Transcribe word for word the section of the records below that opens with the line containing "Parure de lit" and closes with the line containing "Cabin in deck"; drop every picture.

### EXTRACTED ENTRIES ###

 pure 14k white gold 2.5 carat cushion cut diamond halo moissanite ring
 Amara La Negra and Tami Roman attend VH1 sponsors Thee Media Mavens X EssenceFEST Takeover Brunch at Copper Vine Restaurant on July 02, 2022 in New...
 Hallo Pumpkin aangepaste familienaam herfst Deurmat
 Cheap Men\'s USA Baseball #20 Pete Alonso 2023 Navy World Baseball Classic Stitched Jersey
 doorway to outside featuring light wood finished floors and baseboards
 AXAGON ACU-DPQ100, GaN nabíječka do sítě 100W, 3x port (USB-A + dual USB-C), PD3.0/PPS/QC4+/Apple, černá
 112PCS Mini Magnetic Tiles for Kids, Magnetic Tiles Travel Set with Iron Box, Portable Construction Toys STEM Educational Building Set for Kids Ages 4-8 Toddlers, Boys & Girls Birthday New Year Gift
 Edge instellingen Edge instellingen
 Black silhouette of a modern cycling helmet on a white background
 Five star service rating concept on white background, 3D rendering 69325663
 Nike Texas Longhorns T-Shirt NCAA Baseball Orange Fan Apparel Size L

###
### EXTRACTED ENTRIES ###

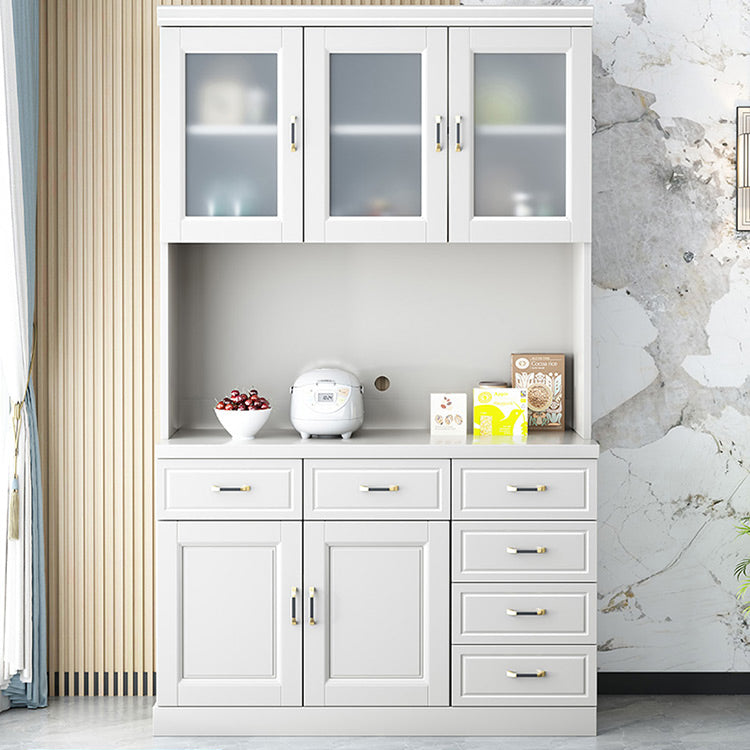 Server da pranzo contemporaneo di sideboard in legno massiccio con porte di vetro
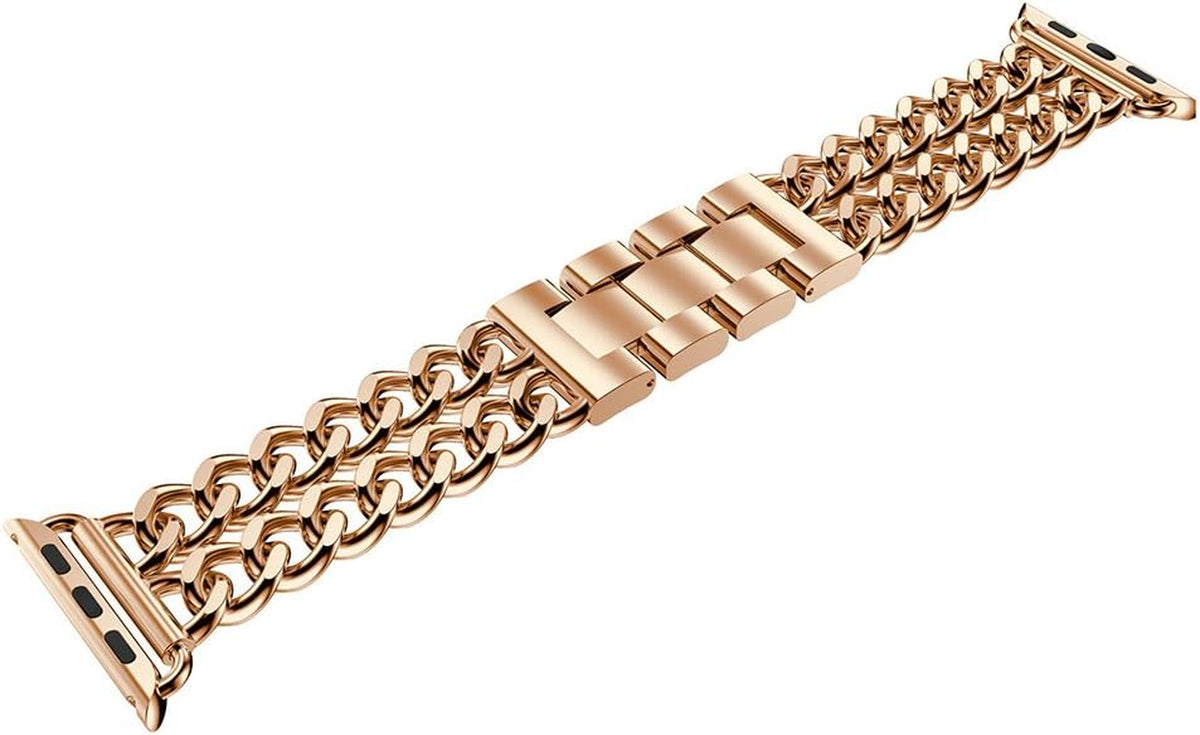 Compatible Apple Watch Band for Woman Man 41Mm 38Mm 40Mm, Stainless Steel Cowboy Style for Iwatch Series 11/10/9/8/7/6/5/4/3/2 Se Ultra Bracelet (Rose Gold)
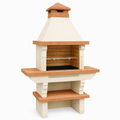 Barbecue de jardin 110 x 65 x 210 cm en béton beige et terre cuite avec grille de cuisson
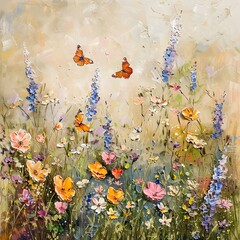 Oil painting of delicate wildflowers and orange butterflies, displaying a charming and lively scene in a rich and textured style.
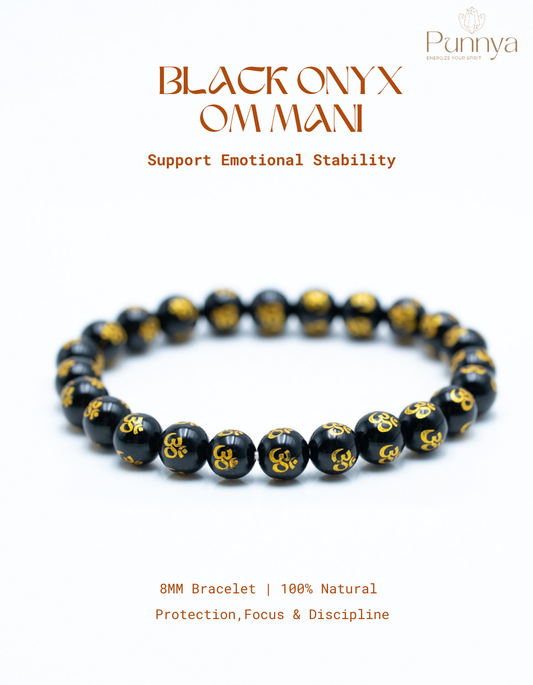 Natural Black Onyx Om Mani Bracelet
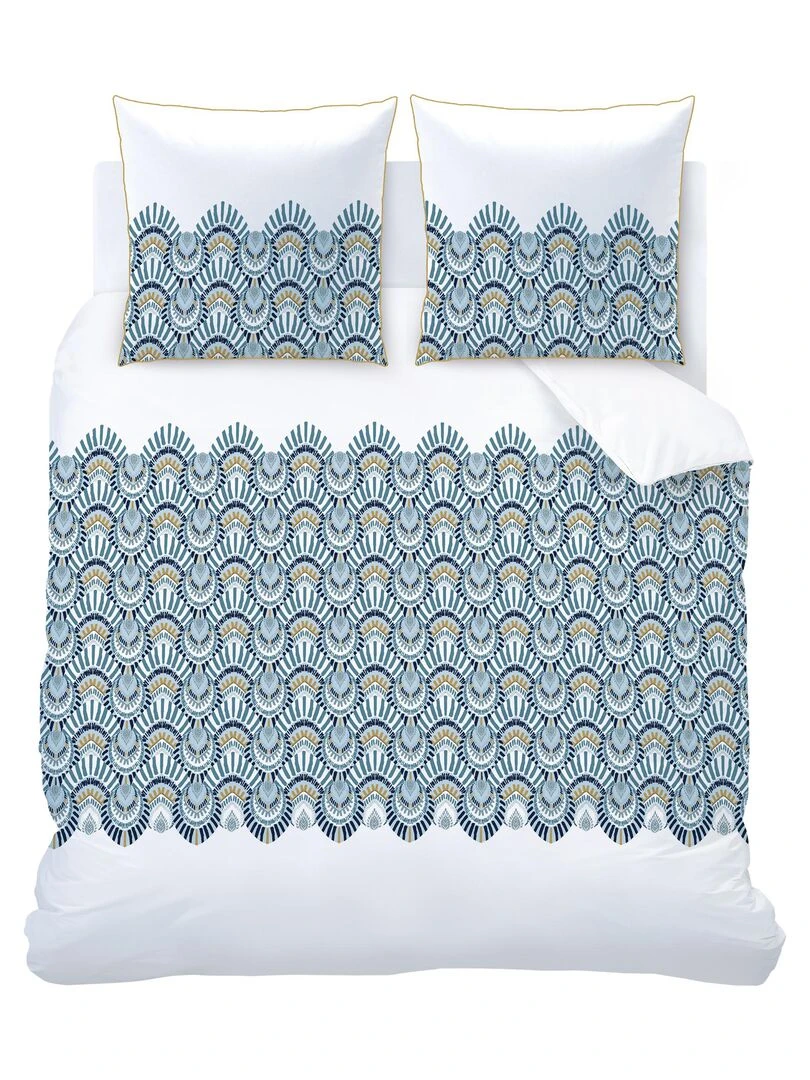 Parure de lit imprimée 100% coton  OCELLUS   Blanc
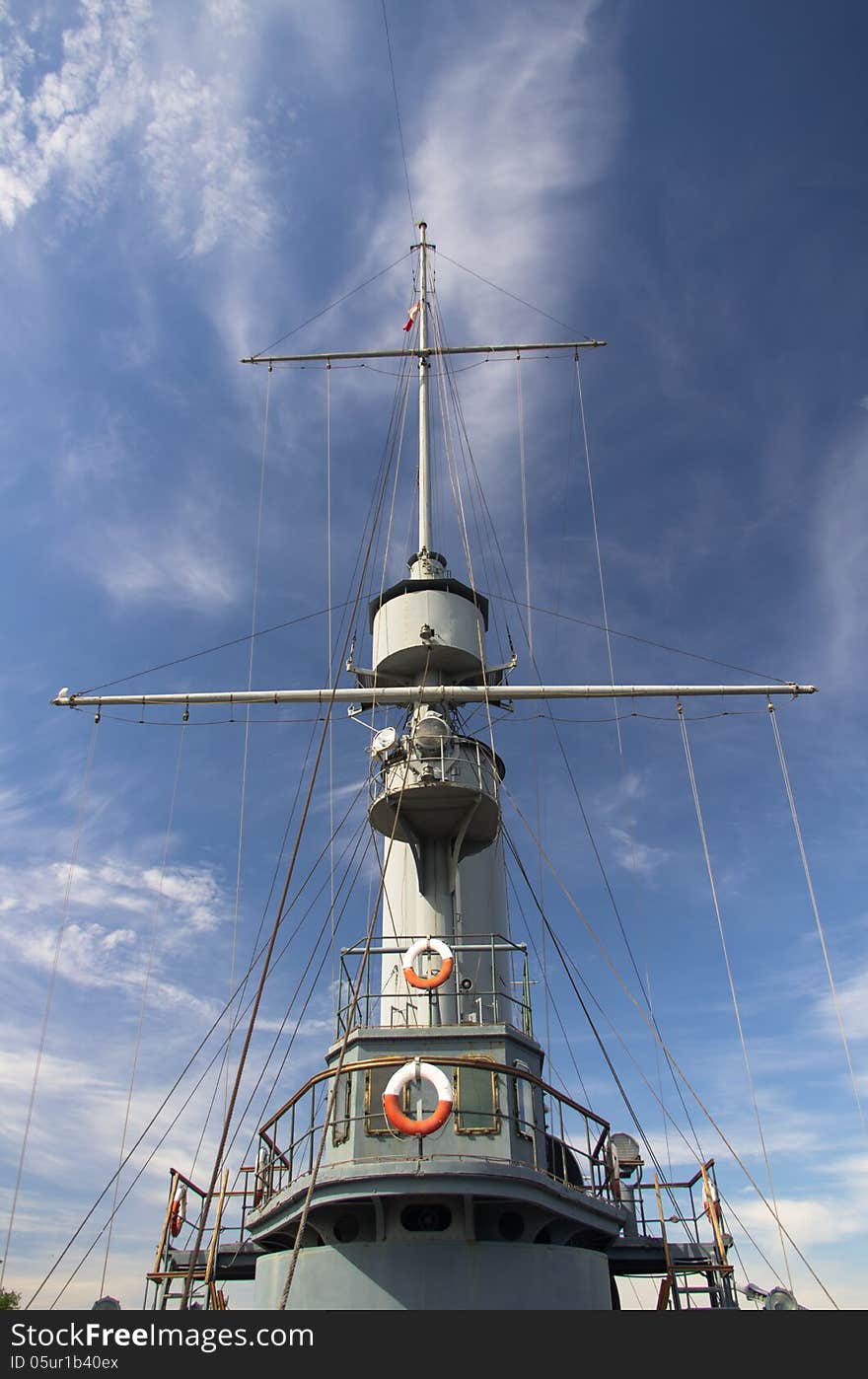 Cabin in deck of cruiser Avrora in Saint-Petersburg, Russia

###
### EXTRACTED ENTRIES ###

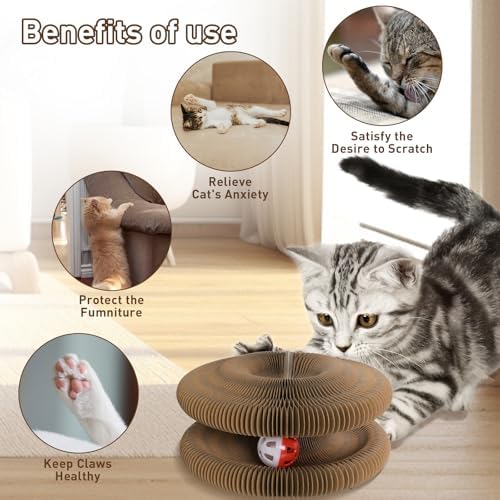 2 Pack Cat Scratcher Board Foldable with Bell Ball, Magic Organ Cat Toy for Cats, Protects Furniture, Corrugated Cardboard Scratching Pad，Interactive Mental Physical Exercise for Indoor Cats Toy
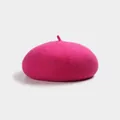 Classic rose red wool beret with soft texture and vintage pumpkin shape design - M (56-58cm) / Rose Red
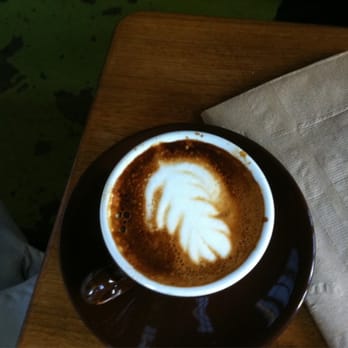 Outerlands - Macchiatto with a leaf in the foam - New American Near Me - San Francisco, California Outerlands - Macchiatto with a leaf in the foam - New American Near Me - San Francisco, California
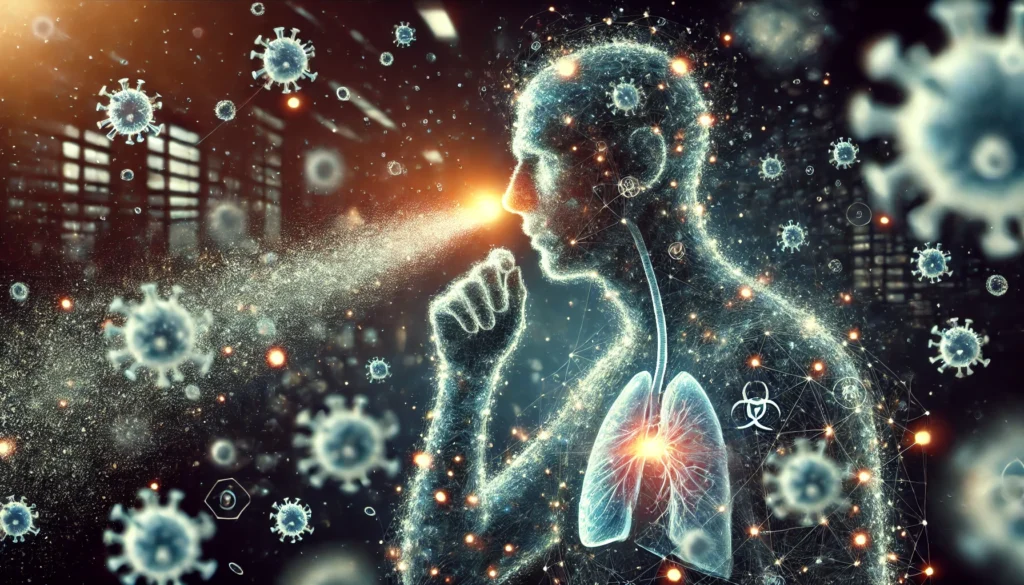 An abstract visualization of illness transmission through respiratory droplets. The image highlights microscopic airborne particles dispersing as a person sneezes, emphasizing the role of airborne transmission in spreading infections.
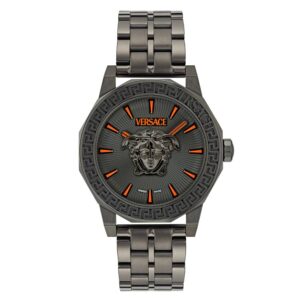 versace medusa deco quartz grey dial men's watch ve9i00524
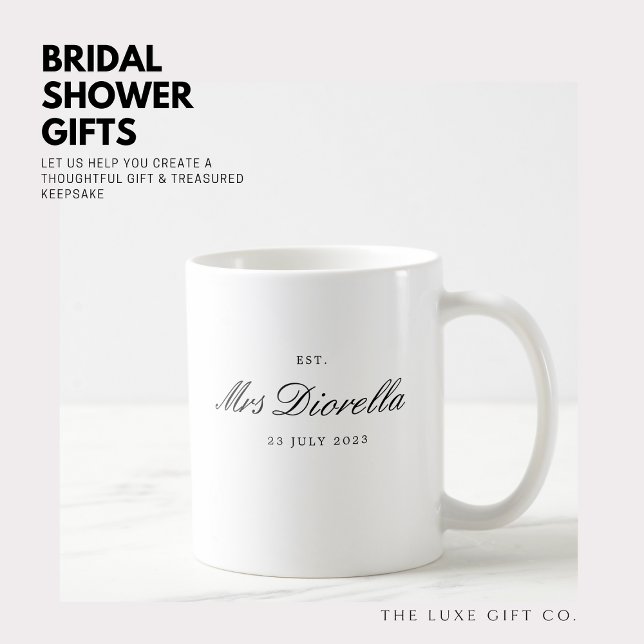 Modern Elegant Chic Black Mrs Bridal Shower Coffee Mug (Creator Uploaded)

###

RESPONSE TO THIS TASK:
 Parure de lit imprimée 100% coton  OCELLUS   Blanc
 Cabin in deck of cruiser Avrora in Saint-Petersburg, Russia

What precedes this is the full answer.